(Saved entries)
********************

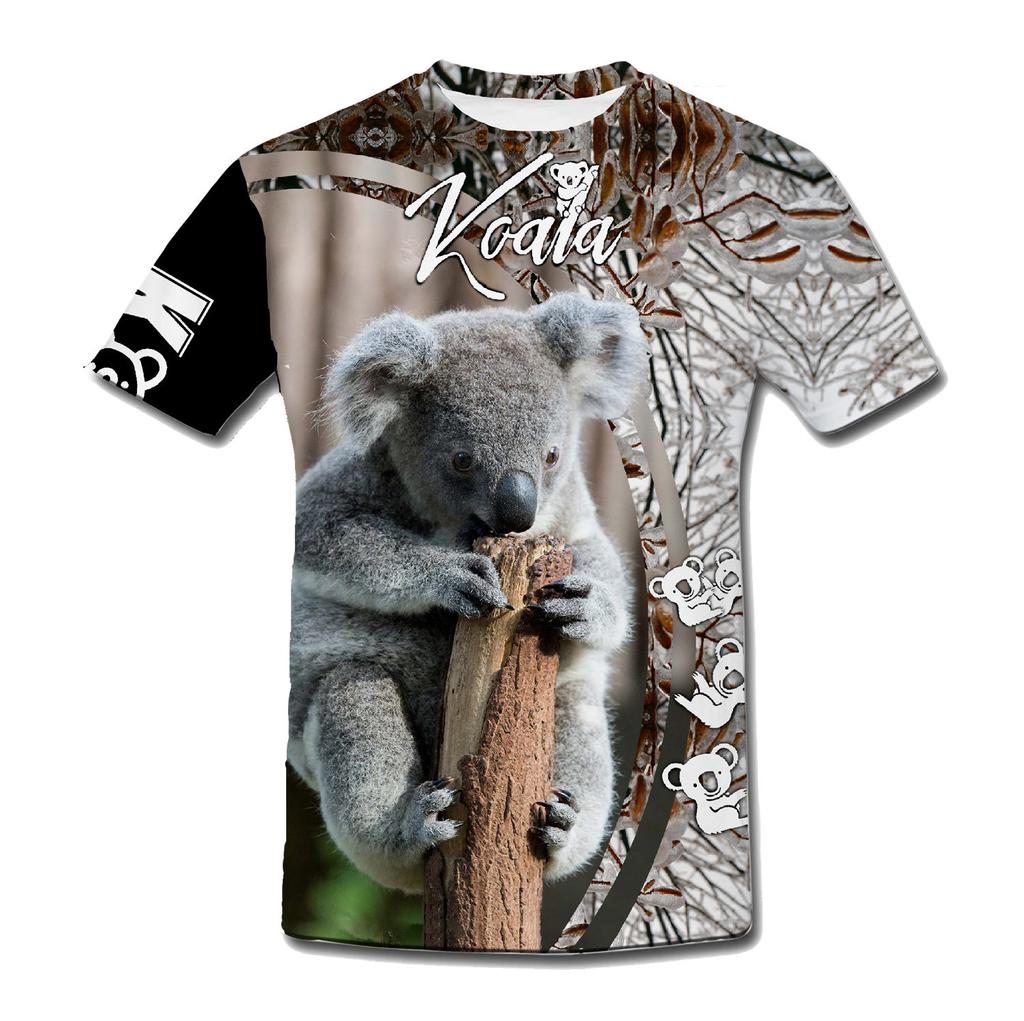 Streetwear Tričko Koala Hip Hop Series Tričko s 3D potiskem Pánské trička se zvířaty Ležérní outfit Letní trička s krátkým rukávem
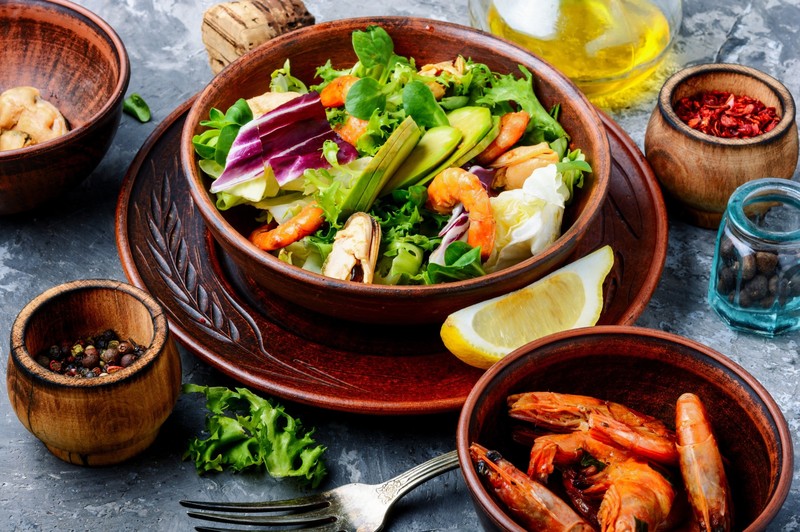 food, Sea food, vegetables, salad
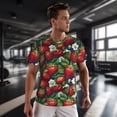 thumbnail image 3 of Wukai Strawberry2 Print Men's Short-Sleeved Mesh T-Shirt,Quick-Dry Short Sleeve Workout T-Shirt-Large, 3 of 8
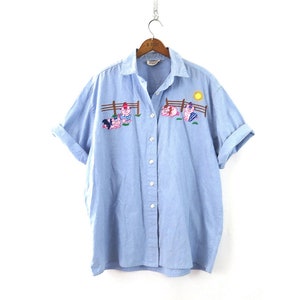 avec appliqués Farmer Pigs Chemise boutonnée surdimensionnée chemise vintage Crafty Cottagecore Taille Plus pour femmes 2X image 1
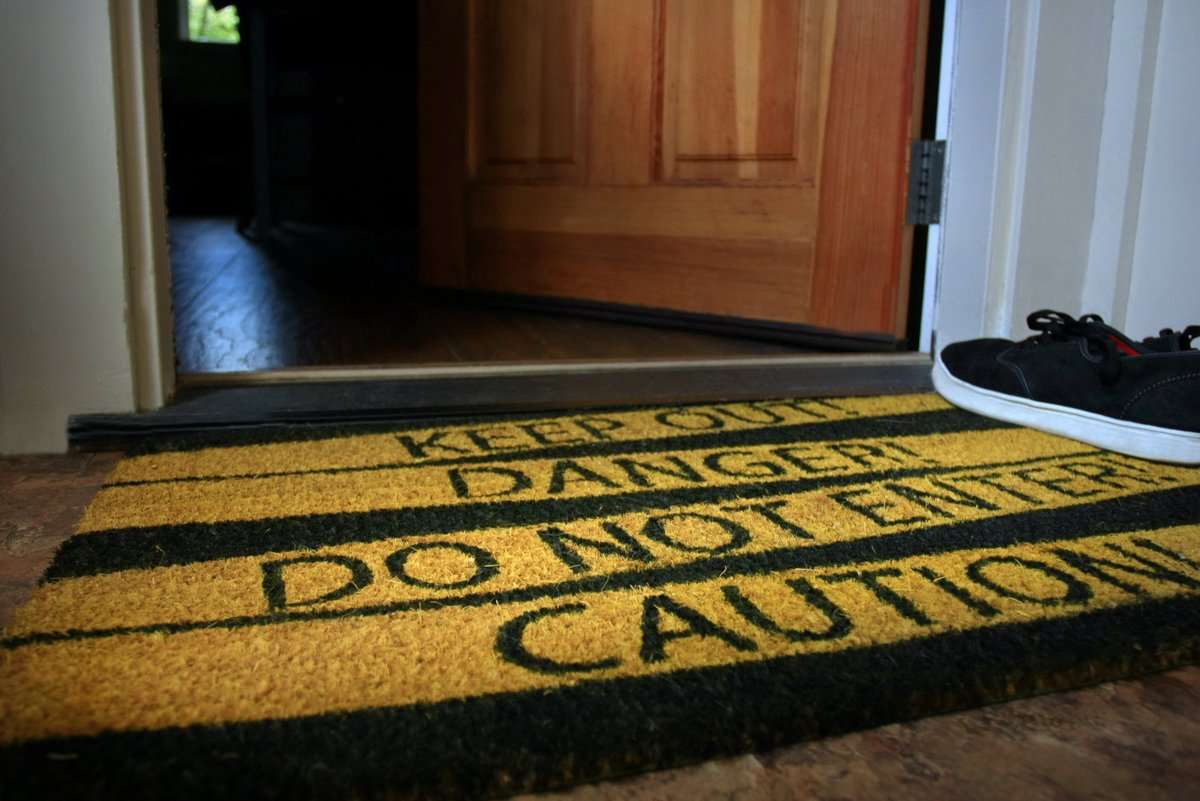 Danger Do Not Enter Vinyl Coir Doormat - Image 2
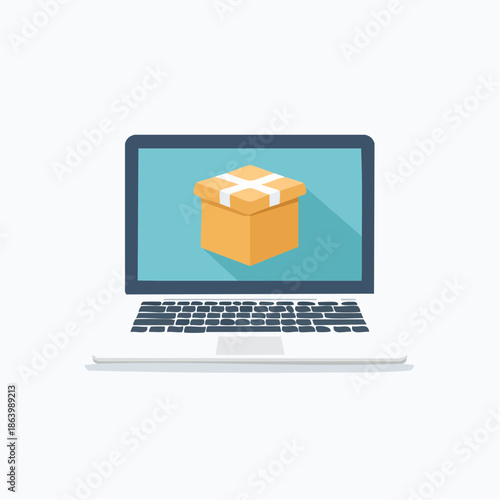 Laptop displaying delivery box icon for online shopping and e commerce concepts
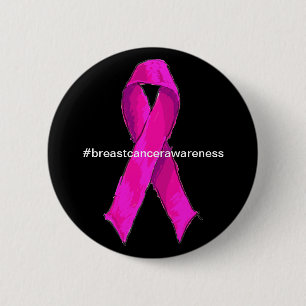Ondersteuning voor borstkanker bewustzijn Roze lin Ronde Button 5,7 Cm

********************

## [ACTIVITY]
Quote the entries above word for word. Leave the images out.

## [RESPONSE BELOW]
 Streetwear Tričko Koala Hip Hop Series Tričko s 3D potiskem Pánské trička se zvířaty Ležérní outfit Letní trička s krátkým rukávem
 food, Sea food, vegetables, salad
 thumbnail image 3 of Wukai Strawberry2 Print Men's Short-Sleeved Mesh T-Shirt,Quick-Dry Short Sleeve Workout T-Shirt-Large, 3 of 8
 avec appliqués Farmer Pigs Chemise boutonnée surdimensionnée chemise vintage Crafty Cottagecore Taille Plus pour femmes 2X image 1
 Danger Do Not Enter Vinyl Coir Doormat - Image 2
 Laptop displaying delivery box icon for online shopping and e commerce concepts
Ondersteuning voor borstkanker bewustzijn Roze lin Ronde Button 5,7 Cm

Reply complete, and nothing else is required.